(REQUIRED ACTION): Retype nothing except the lines below from the one with "Vertical Blinds Replacement" through the one with "Spinach Crepes with Creamy Mushrooms", exactly, with images left out.

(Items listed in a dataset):
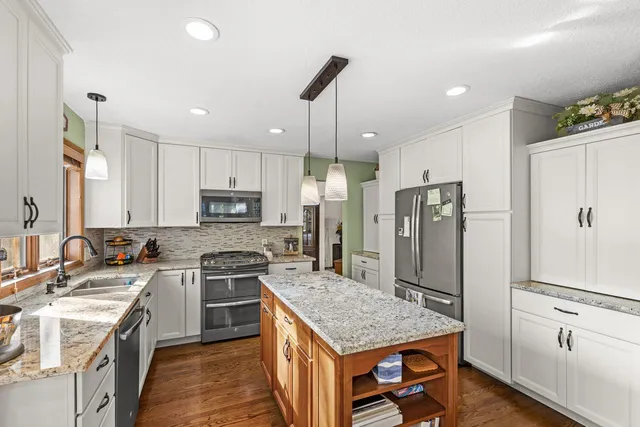 $589,000 | 1110 Hollybrook Drive, Wayzata, MN 55391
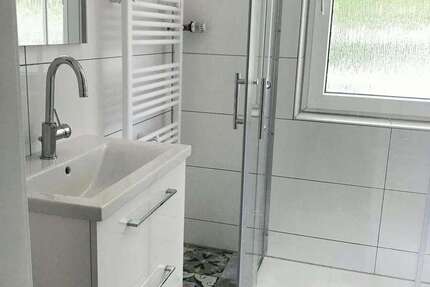 Wohnen auf Zeit in Düsseldorf 1.300 € 2 zimmer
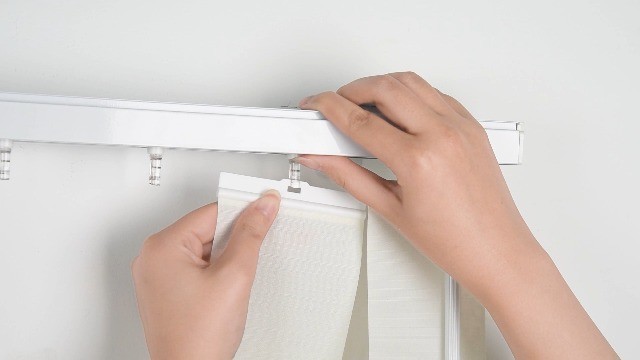 Vertical Blinds Replacement Slats 25 Pack 82.5 Inch 3.5 Inch Light Filtering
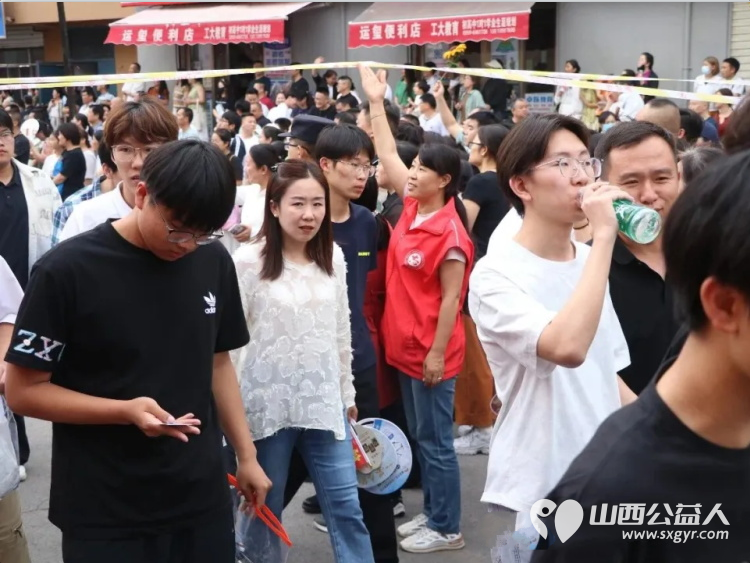 盐湖区志愿者协会开展2026年爱心护考志愿服务活动护航高考累计参与志愿者282人次用热情周到的服务为莘莘学子圆梦之旅保驾护航 - 第15张 - 山西公益人 盐湖区志愿者协会开展2026年爱心护考志愿服务活动护航高考累计参与志愿者282人次用热情周到的服务为莘莘学子圆梦之旅保驾护航 - 第15张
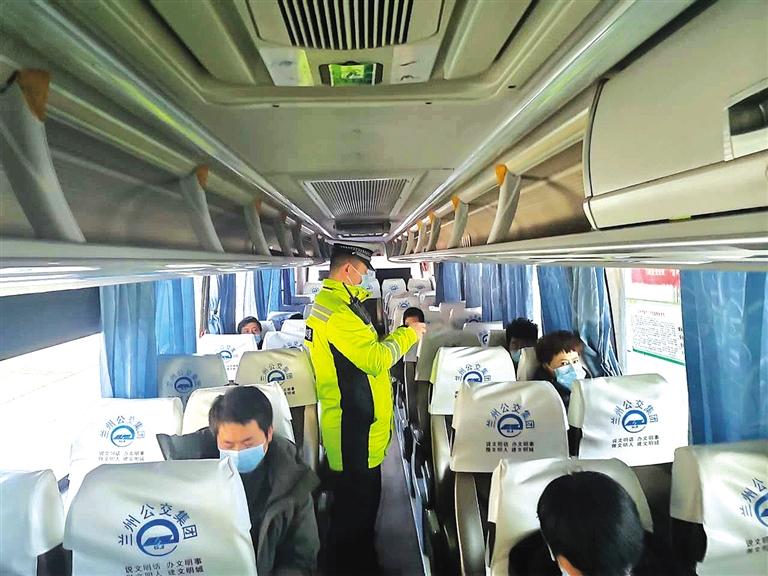 蘭州交警啟動(dòng)春運(yùn)最強(qiáng)交通安全保障已查處超員31起、飲酒醉酒駕駛39起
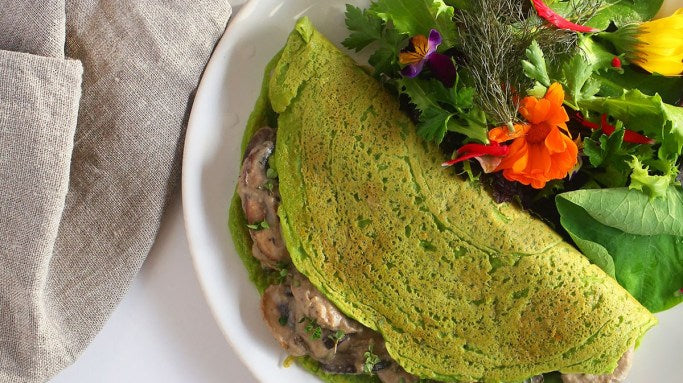 Spinach Crepes with Creamy Mushrooms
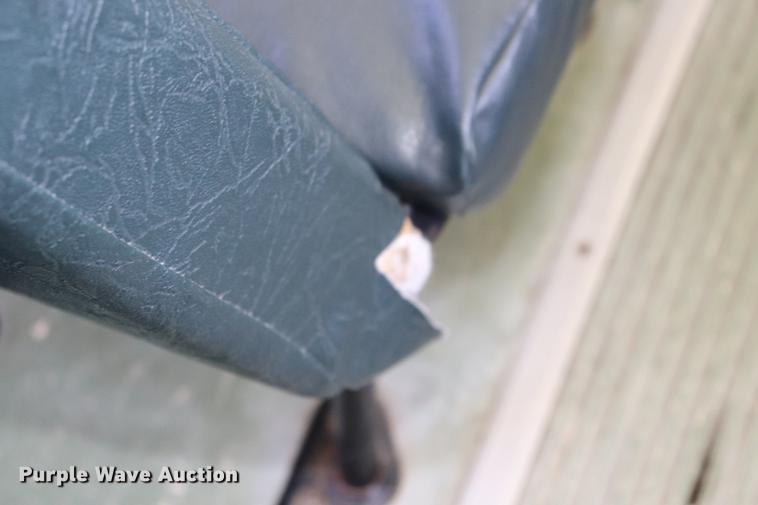 image for item EC9468 2002 Freightliner FS65 school bus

(OUTPUT):
 Vertical Blinds Replacement Slats 25 Pack 82.5 Inch 3.5 Inch Light Filtering
 盐湖区志愿者协会开展2026年爱心护考志愿服务活动护航高考累计参与志愿者282人次用热情周到的服务为莘莘学子圆梦之旅保驾护航 - 第15张 - 山西公益人 盐湖区志愿者协会开展2026年爱心护考志愿服务活动护航高考累计参与志愿者282人次用热情周到的服务为莘莘学子圆梦之旅保驾护航 - 第15张
 蘭州交警啟動(dòng)春運(yùn)最強(qiáng)交通安全保障已查處超員31起、飲酒醉酒駕駛39起
 Spinach Crepes with Creamy Mushrooms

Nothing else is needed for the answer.